Abhimanyu stood abruptly. “I have a meeting. Excuse me.”

He left without another word, glaring at Rithik, his coffee unfinished, his walls intact.

Behind him, his brothers and grandfather sat in silence, three men who loved him desperately and had no idea how to reach him.


Rajvansh Empire Headquarters rose like a monument to ambition—Abhimanyu walked through the lobby with the same expressionless mask he’d worn since leaving the house. The office fell silent. Employees straightened instinctively as he passed. The receptionist—new, pretty, hopeful—stood up and adjusted her hair.

“Good morning, Mr. Rajva—”

He walked past without acknowledging her existence.

She deflated like a punctured balloon. The senior receptionist patted her shoulder consolingly. “Don’t take it personally. He doesn’t see people. He sees functions.”

Abhimanyu dropped his briefcase and fell into his leather chair. “Schedule.”

“Singapore investors confirmed the video call at eleven. Finance team meeting at two. Product launch briefing at four.” Rithik scrolled through his tablet with practiced efficiency. “And next week, we have PA interviews.”

Abhimanyu groaned audibly. “Again?”

“Yes, because the last one resigned yesterday. Well—” Rithik paused delicately,

“I expect competence. Is that too much to ask?”

“When combined with zero empathy, impossible standards? Yes.” Akash said calmly

“Find that one who can actually work,” Abhimanyu ordered. “Hire her.”

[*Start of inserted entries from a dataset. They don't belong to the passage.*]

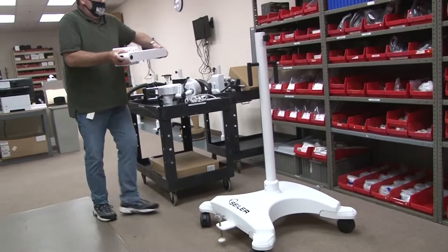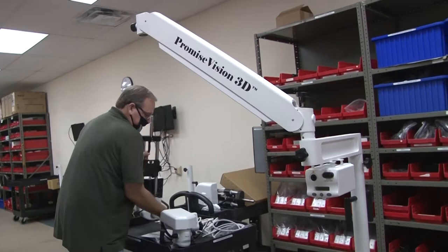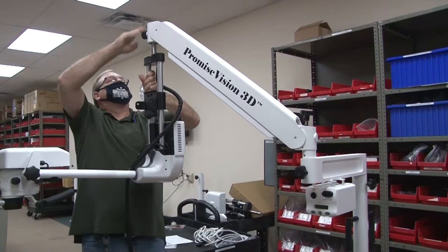Add the power arm and your panto arm, then the microscope. Lock it down.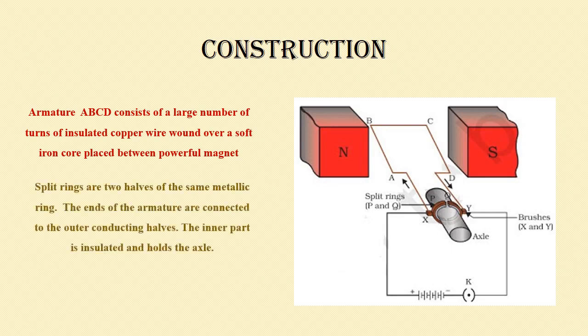Then you have the split rings P and Q. They are the two halves of the same metallic ring. The ends of the armature are connected to these split rings. The outer part of the split ring is conducting so it can conduct the current, but the inner part is insulated and holds the axle. It is this axle which will rotate, giving rotatory motion.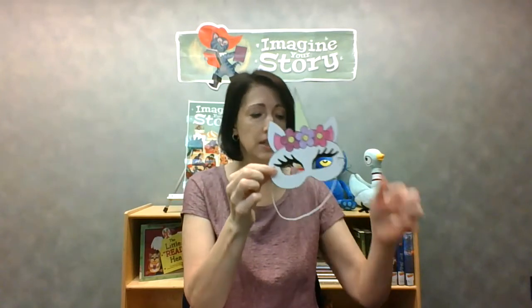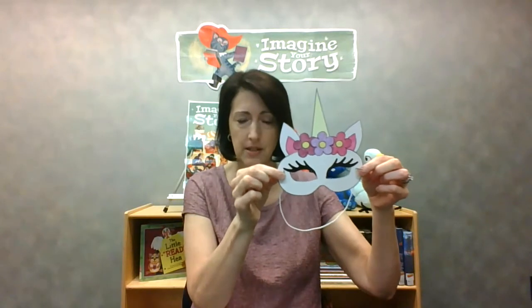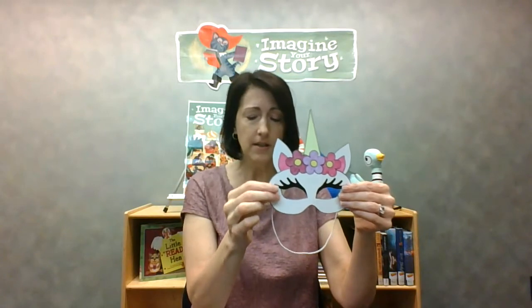You're also going to want to cut out where the eyes are, and you might need a grown-up to help you with this part. You can also ask a grown-up to help you cut or poke two small holes in either side of the mask. Then you're going to get some elastic, yarn, or string and thread it through the hole and tie it.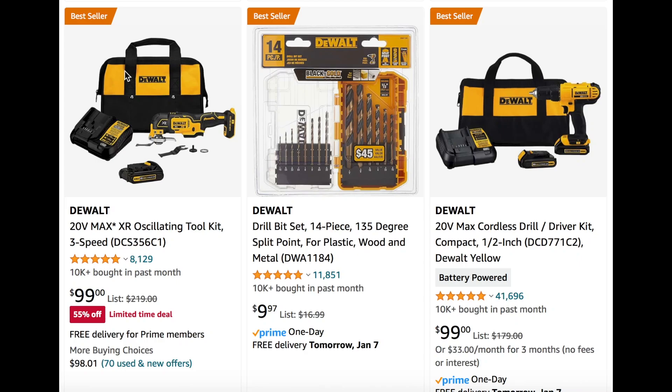Welcome back DIYers. In today's video, we're going to check out some of these deals going on on Amazon. So let's go ahead and dive in.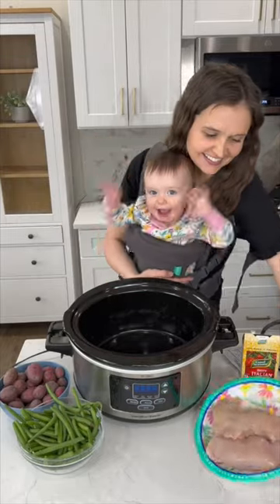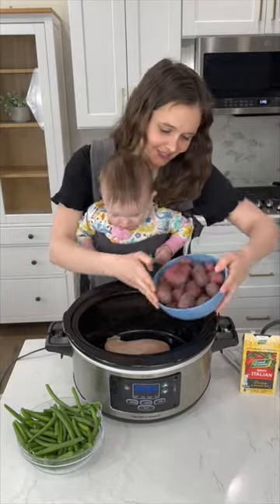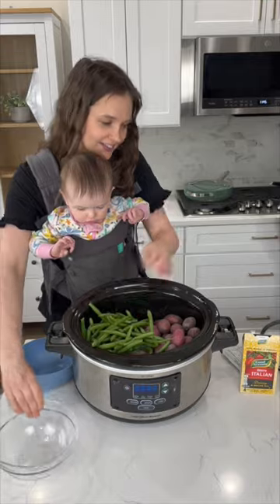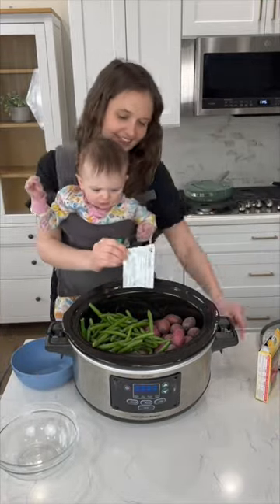This crock pot chicken is so perfect for those crazy busy weeknights that we all have. To your slow cooker, add in your chicken along with your little baby red potatoes, fresh green beans, and a packet of zesty Italian seasoning mix.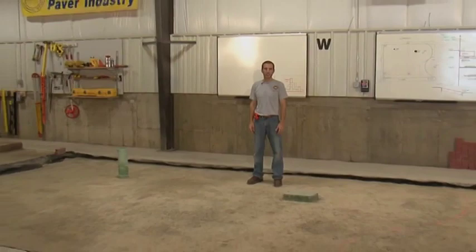Today we're at the School for Advanced Segmental Paving. We've moved from our previous job site to our year-round indoor arena in order to be in a more controlled environment and to better facilitate learning and education.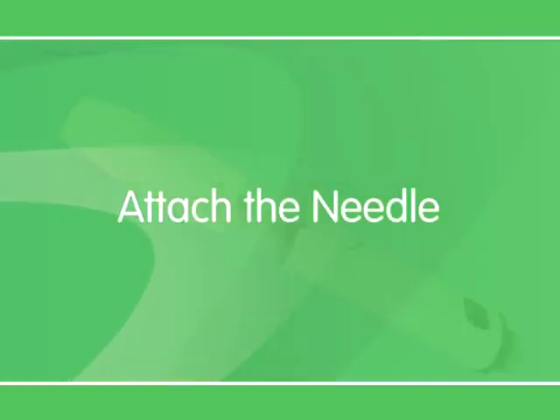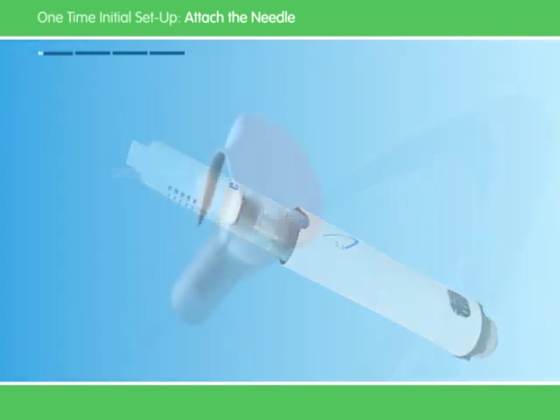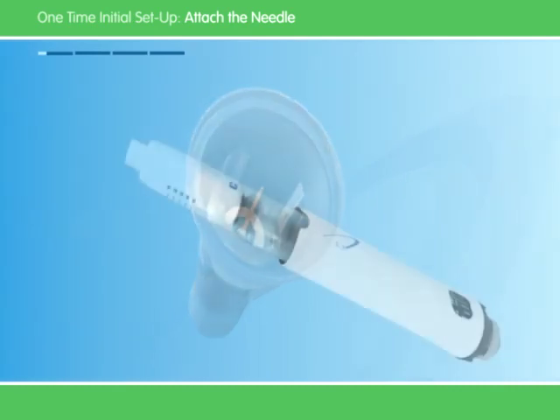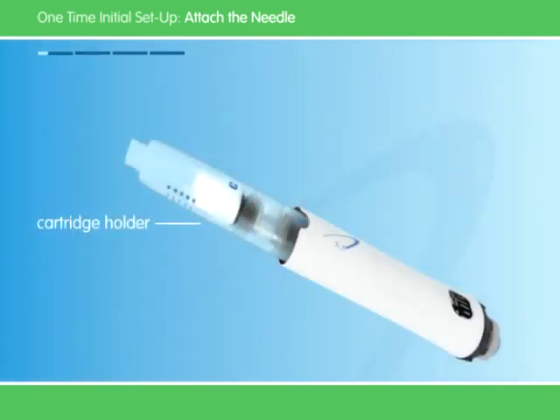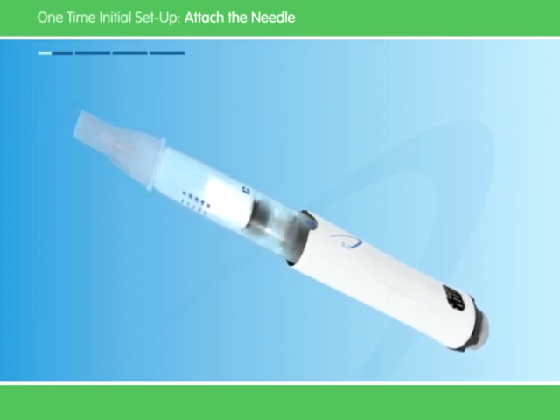Now let's proceed to put the needle on the pen. Always wash your hands before handling the Go Quick Pen and needles. First, take off the white cap. Next, pull the little tab to remove the seal on the needle. Firmly grasp the cartridge holder and push the needle onto the cartridge. Now screw the needle onto the pen and be careful not to over-tighten. Leave both needle covers on.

“We’ve been trying,” Rithik muttered. “Turns out, competent people with thick skin and zero interest in their handsome billionaire boss are surprisingly rare.”

Before Abhimanyu could respond, Rithik’s expression shifted to something more cautious. “Also...dadu called again.”

“And?” Abhimanyu’s voice held a warning.

“He says if you don’t start seriously considering marriage, he’ll personally begin interviewing potential brides.” Rithik paused. “I think he’s already started making a list and mentally planning bling dates for you.”

Abhimanyu glared at all of them. “You’re both fired.”

“You can’t fire a family,” Akash pointed out reasonably.

“Watch me.”

But even as he said it, Abhimanyu felt something inside him crack—just slightly, just enough to let in a sliver of warmth. These idiots were his brothers. His family. The people he’d spent years protecting, building for, living for.

Even ruthless CEOs had weaknesses.

And family was his.


The mansion had gone quiet by the time he reached home. Abhimanyu stood at the window of his room overlooking the garden.. Delhi glittered outside— a city that had watched him become something it feared and respected in equal measure. He had everything. He had built it from ash and spite and the promise made to a cardboard box. He had the empire. He had the revenge still to come. He had Rithik and Akash and a grandfather who loved him with the specific tenderness of someone who knew exactly what they were trying to save.

He had everything except the only person who had ever made him feel like himself.

And she had been dead for ten years.

Or perhaps some connections transcended memory or even death.